A study Jupiter Communications will release at this week's "Jupiter Online Advertising Forum" in New York finds marketers taking a show-me attitude to portal deals, opting for shorter agreements and tying compensation to performance rather than just reach.
"I think portals are past the point of not having to prove themselves," said Michele Slack, lead analyst on Jupiter's portal critique. "Every dollar is being held accountable."
'THERE USED TO BE A MYTH'
Portal deals escalated last year when cost seemed no object, with continual announcements of deals such as the $89 million, four-year pact drkoop.com struck with America Online. Drkoop now is struggling to stay alive and has renegotiated the deal.
Web portals are under pressure from dot-coms, which lack the cash and inclination to do big deals, and traditional marketers, which demand more performance.

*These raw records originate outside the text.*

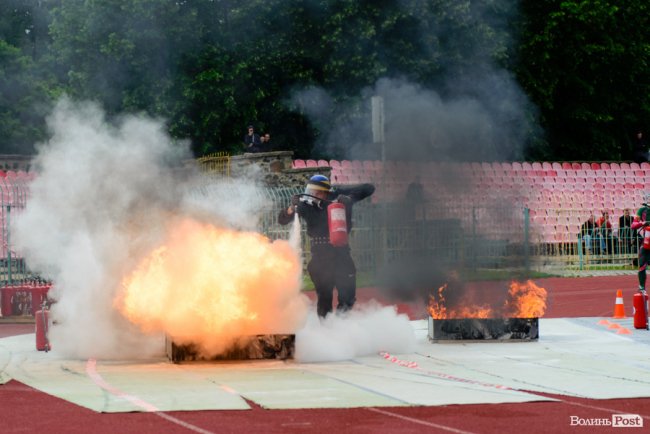До Луцька на змагання з'їхались пожежники з 7 країн. ФОТО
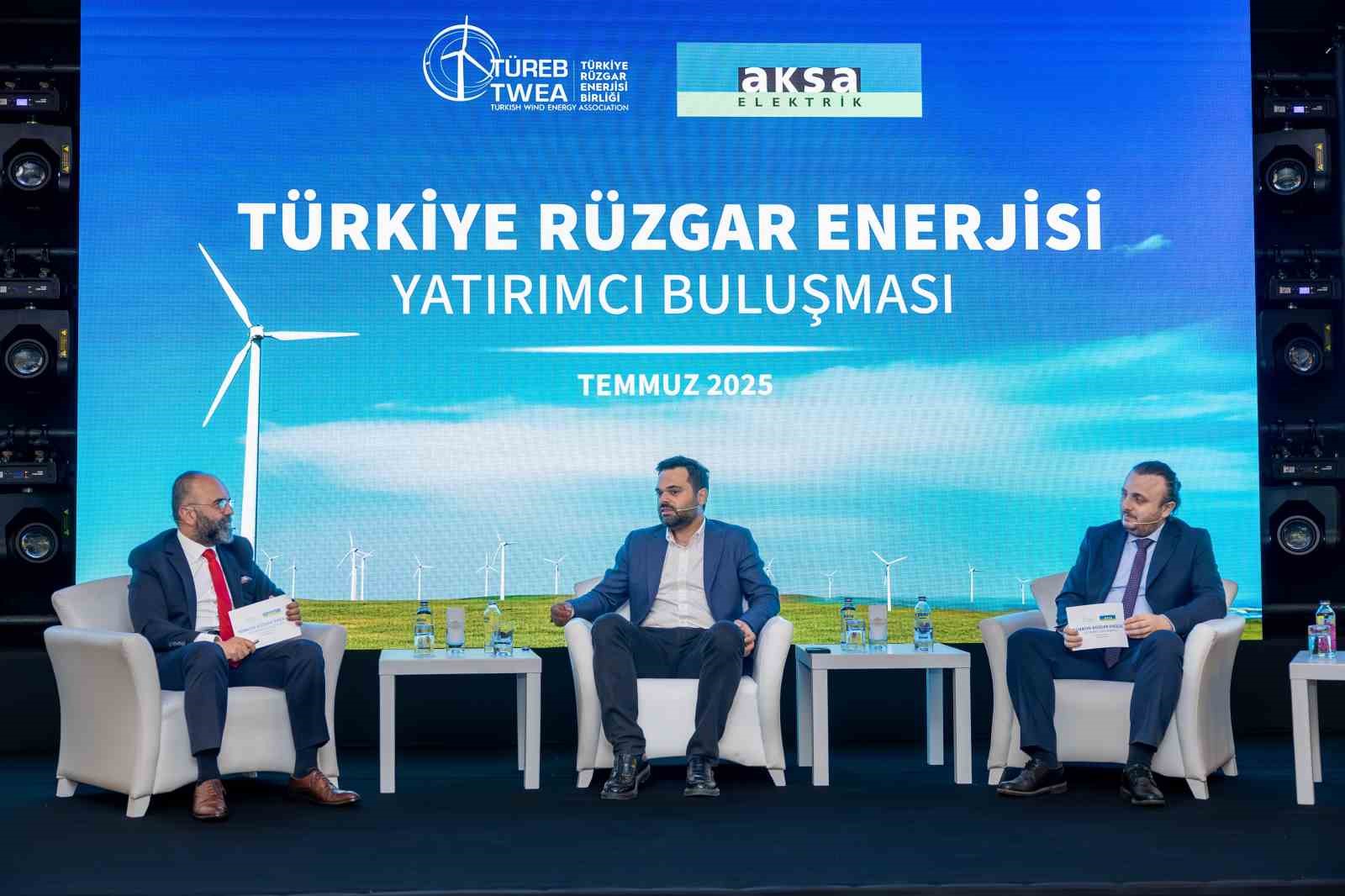 T&Uuml;REB ve Aksa Elektrik, T&uuml;rkiye R&uuml;zgar Enerjisi Yatırımcı Buluşması&rsquo;nda yatırımcı paydaşları bir araya getirdi
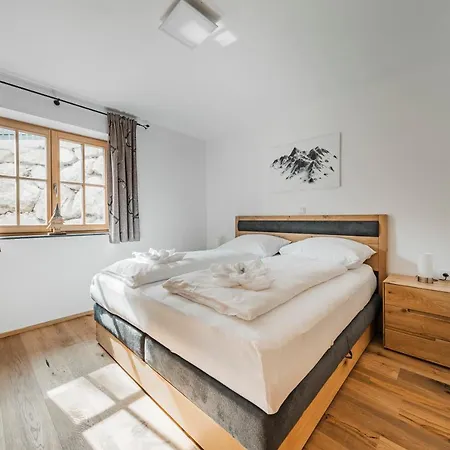 Dachstein West 1b Apartment Russbach am Pass Gschuett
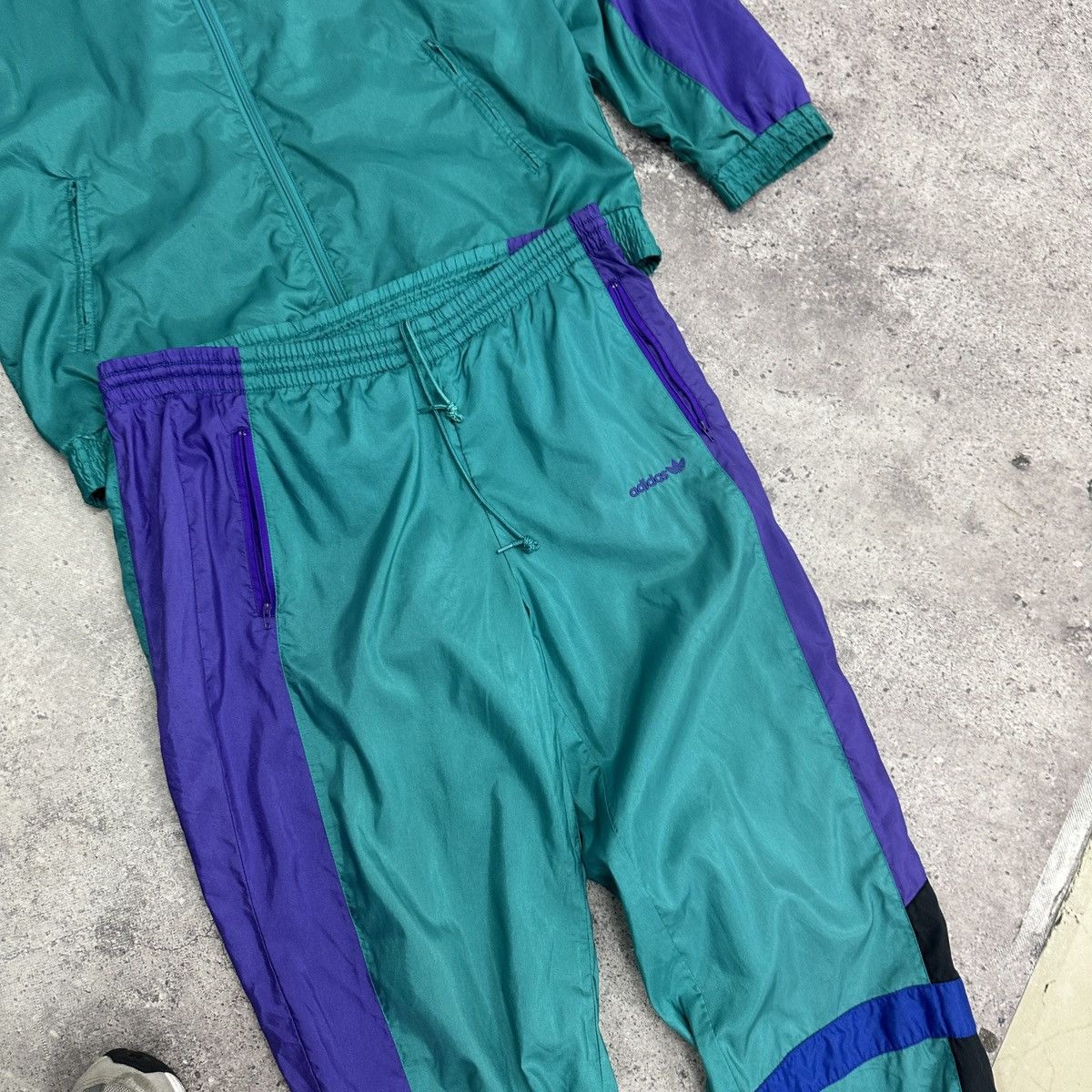 Vintage Vintage 90s Adidas Light jacket sweetpants tracksuit y2k og Size US XL / EU 56 / 4 - 5 Thumbnail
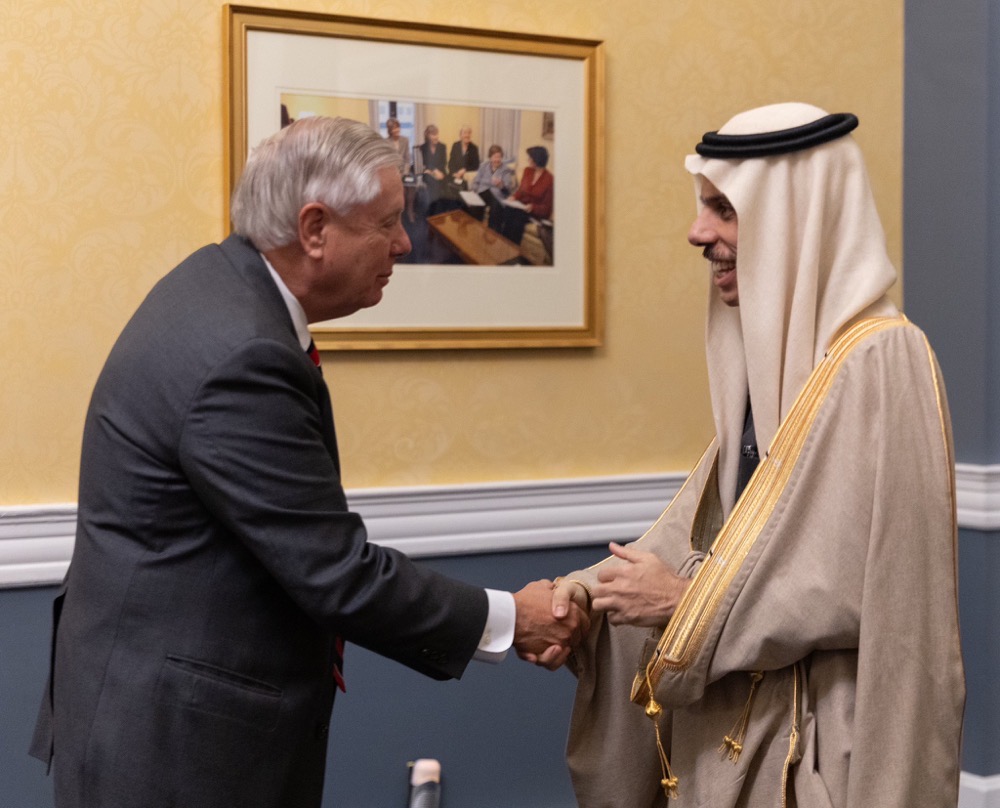 Lindsey Graham shakes hands with Prince Faisal. (KSAMOFA)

Among dot-coms, Ms. Slack said, "there used to be a myth" that a big deal with Yahoo! or AOL was an IPO maker, providing exposure to consumers and attracting attention on Wall Street. If a dot-com were to hype a deal with a portal today, "the Street's going to question why you are pouring all this money into one place." Internet companies more likely will cut shorter-term deals with portals rather than sweeping multiyear pacts, Ms. Slack added.
Major marketers are still doing deals, such as recent promotions struck between Target Stores and AOL as well as Pepsi-Cola Co. and Yahoo!. But Ms. Slack said portal deals are shifting more from cash to barter; Pepsi's five-month promotion gives Yahoo! exposure on bottles and in-store displays.

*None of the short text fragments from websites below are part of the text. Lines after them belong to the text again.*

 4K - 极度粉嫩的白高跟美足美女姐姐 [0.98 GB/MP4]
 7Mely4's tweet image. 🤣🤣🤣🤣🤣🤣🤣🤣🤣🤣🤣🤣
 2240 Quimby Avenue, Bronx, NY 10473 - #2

Even top-tier destinations such as AOL, Yahoo! and Microsoft Corp.'s MSN must prove they're worth the price. Second-tier properties, such as Lycos and Go Network, need to stand out by offering a better deal, more pay-for-performance or a more targeted audience, Ms. Slack said.

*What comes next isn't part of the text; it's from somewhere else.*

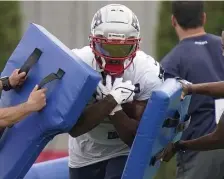  ?? Ap fIle; BelOw lefT, NaNCy laNe / Herald STaff fIle ?? ‘GIVING THEM TIPS’: Patriots wideout Kendrick Bourne runs a drill during practice on Wednesday in Foxboro. Below left, Patriots defensive lineman Henry Anderson arrives for practice last month.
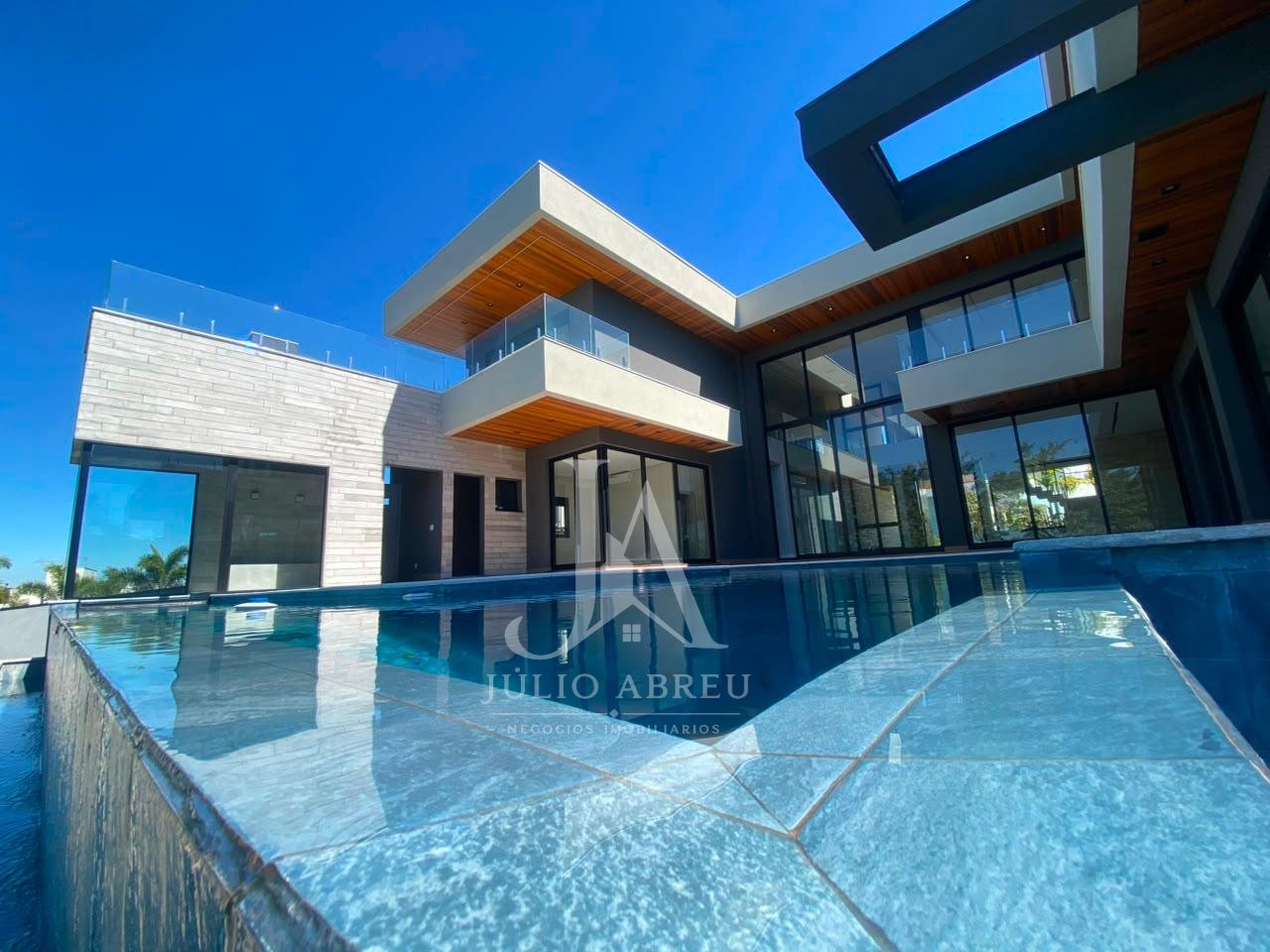 Casa de Alto Padrão no Reserva do Paratehy Norte | 955 m² de Terreno | 615 m² de Construção | 5 Suítes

"You can really push for terms" with portals, Ms. Slack said. "This is a great time (for advertisers). They can use everything they've learned to date and drive a better deal."
Extended portal promotional agreements are big investments: One-third of respondents to Jupiter's May executive survey allocated more than 40% of online marketing budgets to portal deals.
But executives were underwhelmed at how deals have performed. The survey found executives were somewhere between "neutral" and "dissatisfied" in how deals generated sales or leads, which they saw as the most important evaluation metric. They were between "neutral" and "satisfied" on the second-most-important measure--how portals generated click-throughs and traffic.
BAD NEWS FOR E-TAILERS
While a portal by definition generates large traffic across its sites, that does not necessarily translate into major traffic or business for deal partners, who may get lost amid the clutter. A Jupiter consumer survey found more shoppers steering clear of portal shopping sections and going directly to vendors' sites. Just 2% of e-shoppers started their excursions in a portal shopping center. That's bad news for e-tailers that bet big on portals.
Ms. Slack said it would make sense for many marketers to skip broad portal deals and put the money into targeted buys--picking, for example, specialty sites and well-performing areas within portals.
"In today's market," she said, "the portals have to prove their value."